Well, Washwaver, you can always quit your job!
Just kidding, of course, though I must admit that I was in the same boat for about a decade, and did come to a point where I had to choose between taking the next step in my dream work and my job... and I did indeed quit my job! But that was me, and I was looking at advancing my work, not just maintaining it, so I got two things for you:
First, in my mind about 90% of successful LDing lies not in actually trying to have them, but in putting your mind in the sort of state that makes them come easily -- building a lucid mindset. Building that mindset is something you can do all day during waking-life, regardless of how busy you might be. Sure, a demanding job can make it harder to do RC's, stay focused on your presence in reality, or entertaining thoughts about dreaming (i.e., anything from imagining your surroundings to be a dream to planning your next LD to having fantasies about where LD'ing will take you), etc., but with a little practice and a lot of discipline you can keep LD'ing a priority during waking-life, and that priority might just be enough to build a lucid mindset that will bring on the lucids even during the shortest of sleep cycles (for instance, my best nights' sleep during my "heavy work" era were about 5 hrs per night, and I was lucid regularly). It seems as though you're already on this path, but try not to let work devour your grip on a lucid mindset.

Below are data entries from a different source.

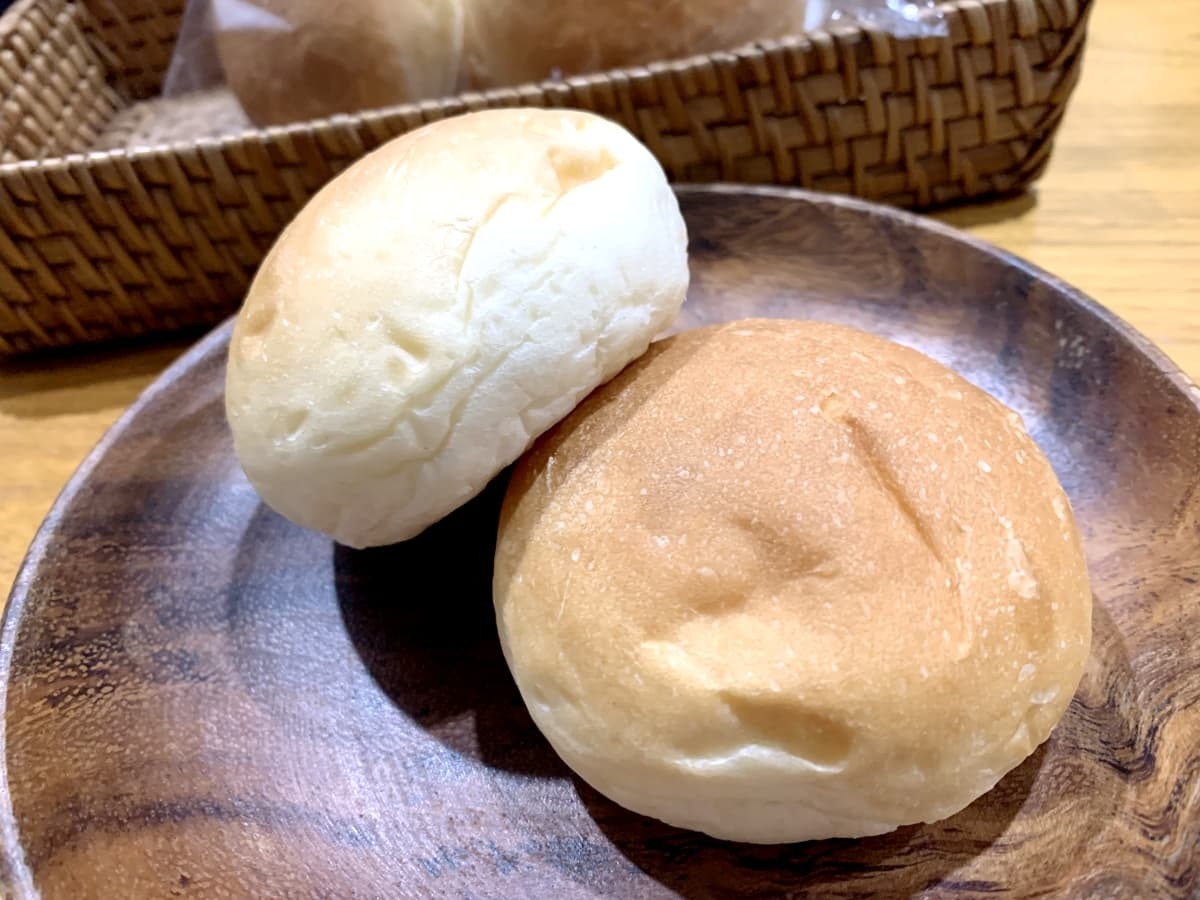 北海道美瑛産小麦とマスカルポーネのバターロール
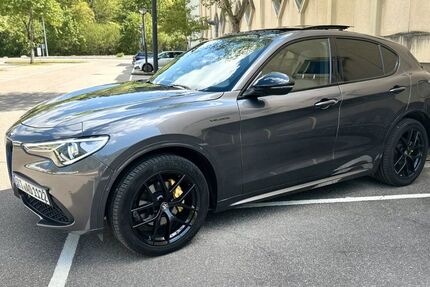 Alfa Romeo Stelvio 70.000 km 29.999 &euro; Bad Urach 72574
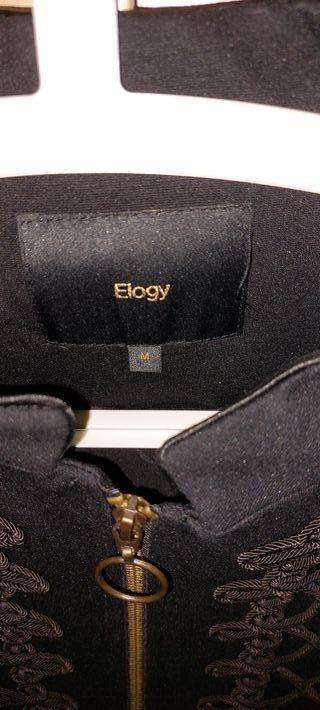 Chaqueta negra con botones dorados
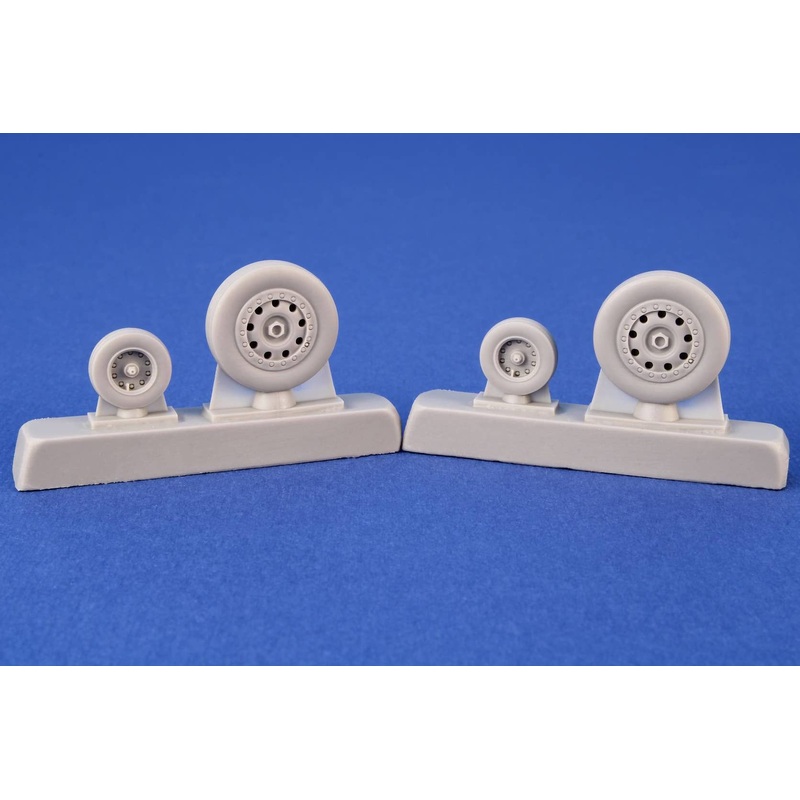 1/48 F-4B Phantom Wheels (from Tamiya kit)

Second, as Lenscaper mentioned, DILD might be the transition for you. Though I think 7 hrs' sleep is plenty for doing a WILD, what surrounds that sleep (i.e., a hard day's work, the need to get up early for the next day, anticipation of the next day's tasks) may well be too distracting to ever welcome a WBTB with focus and positive feelings. Instead, save your WBTB/WILD's for the weekend, and instead work on inducing DILD's during the week instead, with -- as you already noted --
MILD being the go-to technique, since it's built for folks who often dream of specific things, like work.
This way you will be helping yourself both by maintaining a lucid mindset during a period of your life when LD'ing is impractical while also developing new opportunities to insert, through DILD, LD's into your busy lifestyle.
So I guess the
tl;dr here is simple: Keep up your daywork, which in my mind should be the priority anyway, and move to practicing DILD transitions, with MILD as your technique. Save the WILD's for the weekend. 15 hour days aren't forever, but lucidity can be!